From a PCI DSS perspective, hoop.dev provides the evidence auditors look for:

  • Access logs tied to identities. Every planner‑executor session is logged with the exact user or service account, timestamp, and outcome.
  • Command‑level audit. The gateway captures the full request payload (for example, the SQL statement) and the corresponding response.
  • Inline data masking. Sensitive fields are redacted before they ever reach log aggregation or monitoring systems, reducing the scope of those systems under PCI.
  • Just‑in‑time approvals. High‑risk actions trigger a workflow that requires a designated approver to consent before execution.
  • Session replay. Recorded sessions can be streamed back for forensic analysis, satisfying requirement 10.7 of the standard.

Because hoop.dev is open source and MIT‑licensed, organizations can self‑host the gateway in their own VPC or on‑premises, ensuring that the audit data never leaves a controlled environment. The getting‑started guide walks through deploying the gateway with Docker Compose or Kubernetes, configuring OIDC, and registering a planner‑executor connection. The learn page dives deeper into masking policies, approval workflows, and session replay features.

FAQ

How does hoop.dev help satisfy PCI DSS requirement 10 (track access to cardholder data)?

hoop.dev records every request and response, attaching the identity that originated the session. The log is tamper‑evident and can be exported for audit purposes, giving a complete picture of who accessed what and when.
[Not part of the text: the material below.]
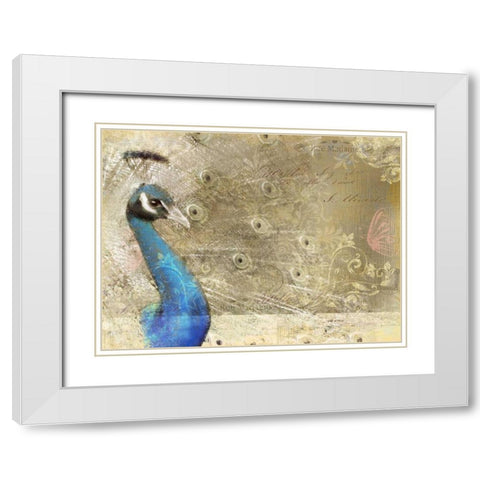 Peacock Royal White Modern Wood Framed Art Print with Double Matting by Allen, Kimberly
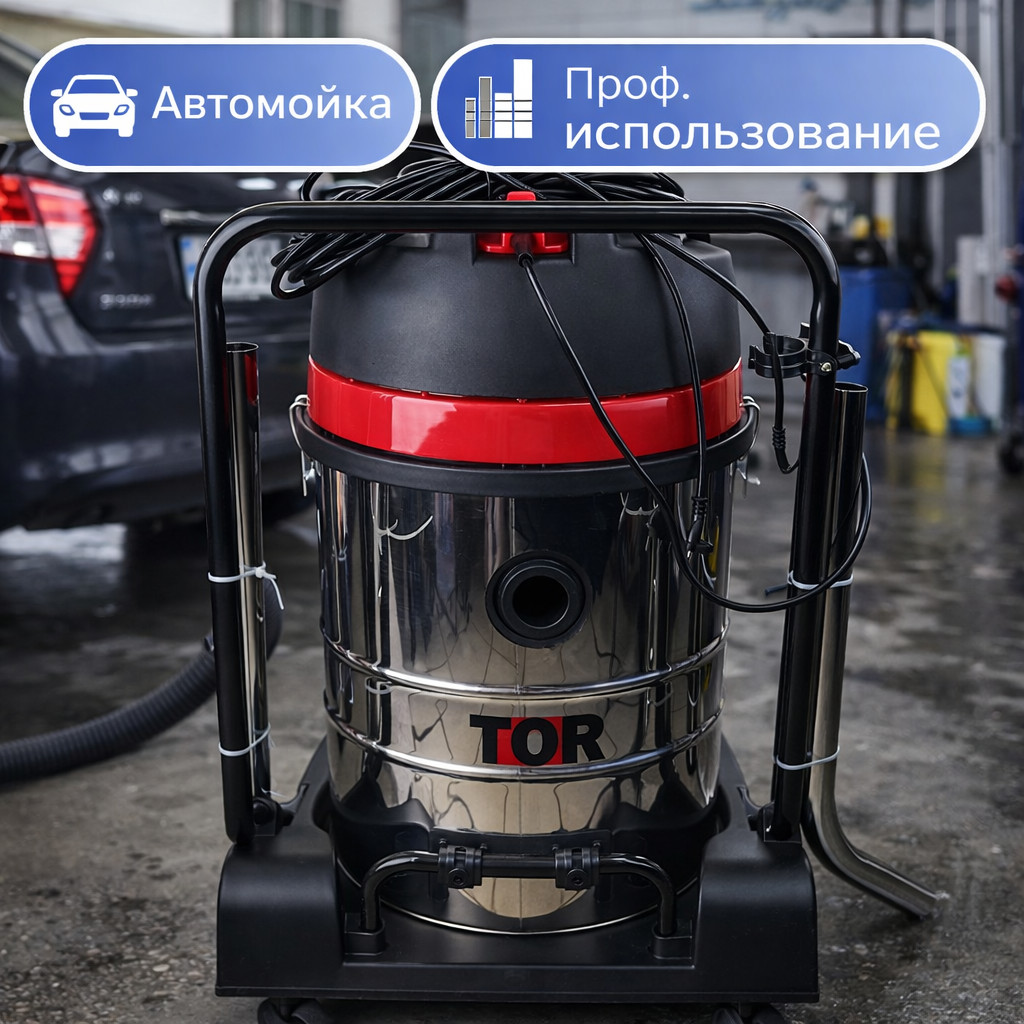 🧹💧 Водопылесос TOR WL70‑70L3B INOX, 3 турбины, 70 л Маркетплейс высокого давления - 250bar.ru 🧹💧 Водопылесос TOR WL70‑70L3B INOX, 3 турбины, 70 л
Does hoop.dev replace encryption of data in transit or at rest?

No. hoop.dev works alongside TLS encryption and any storage‑level encryption you already have. Its role is to add visibility, masking, and policy enforcement on top of the encrypted channel.

Can I integrate hoop.dev with existing CI/CD pipelines that already run planner‑executor agents?

Yes. The gateway presents the same protocol endpoints (PostgreSQL, MySQL, etc.) that the agents expect. You simply point the CI job to the hoop.dev endpoint instead of the raw database address, and the rest of the pipeline remains unchanged.

By placing an identity‑aware, policy‑enforcing gateway in the data path, organizations can turn a black‑box planner‑executor into a fully auditable component that meets PCI DSS evidence requirements.